My father took me to see George Pal's The Time Machine in a theater in 1960, when I was about 7. By the age of ten I had read all of the best-known novels by H.G. Wells. What blew my mind was not so much the concept of time travel, which to me remains strictly a handy sci-fi conceit, but the stupefying relativity of time-spans within known history and presumed future history: from "normal," as we humans experience things, to mountains forming and eroding in seeming minutes. Even more striking was its stark depiction of a possible end result of class division, one that I see gradually coming more true decade-by-decade. At age 7 I vowed never to be one of the Eloi, the degenerate childlike future-humans farmed like cattle by the ugly and cannibalistic but vastly more organized Morlocks. I like to think of myself as a Morlock ahead of his time.
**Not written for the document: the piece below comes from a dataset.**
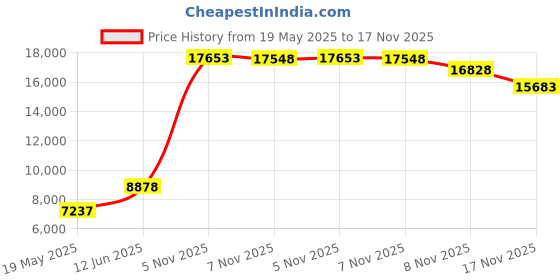 amazon.in upsolo Mens Winter Trekking Backpacking Snow Boots Water Resistant Shoes Anti-Slip Fully Fur Lined Casual Lightweight Hiking Boot upsolo Price History Graph from 19 May 2025 to 17 Nov 2025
But then there are movies that blow one's mind *AS A FILMMAKER,* which is the career path I initially chose for my reanimating of monsters. As much as I hate to admit it, Frank Zappa's rather terrible movie 200 Motels (1971) had an enormous influence on me both stylistically and technically; it was the first feature film shot on video, and relentlessly over-used the atrocious, garish "psychedelic" video effects of the 1970s. I sat awash in it at "Midnight Movie" showings at least fifteen times when I was in college (briefly). When I watched it again a few years ago, I soberly pondered how very seriously drugs can affect a young person's judgment. Still, flawed as it is, it was extremely influential on possibly more levels than I am aware of.

MOVIE MASH-UPS

In college I stumbled upon a little-known indie called The Projectionist (1971), made by Harry Hurwitz and starring the same Chuck McCann later seen in crappy kids' shows like Far Out Space Nuts. The fantasy scenes in this otherwise clumsy movie were my first exposure to the clever manipulation of "found footage," that is, juxtaposing and narrating recombined shots from unrelated old public-domain low-budget movie serials in such a way as to shape the borrowed old-timey footage into a completely different movie. (Not unlike Dr. Frankenstein assembling a "perfect new man" from selected pieces of the dead!) Craig Baldwin made a career out of doing this for a while, and the only feature-length SubGenius movie, ARISE! (1989 and ongoing), directed by me and Rev. Cordt Holland, is at least 50% collaged "found footage." Even earlier, Jay Ward of Bullwinkle fame also had a short-lived TV series called Fractured Flickers in which editors rebuilt new movies (and added new voices) to silent movie classics. Those were cute and as clever as other Jay Ward productions of the time. But a few sequences from The Projectionist remain some of the most inspiring examples I've seen.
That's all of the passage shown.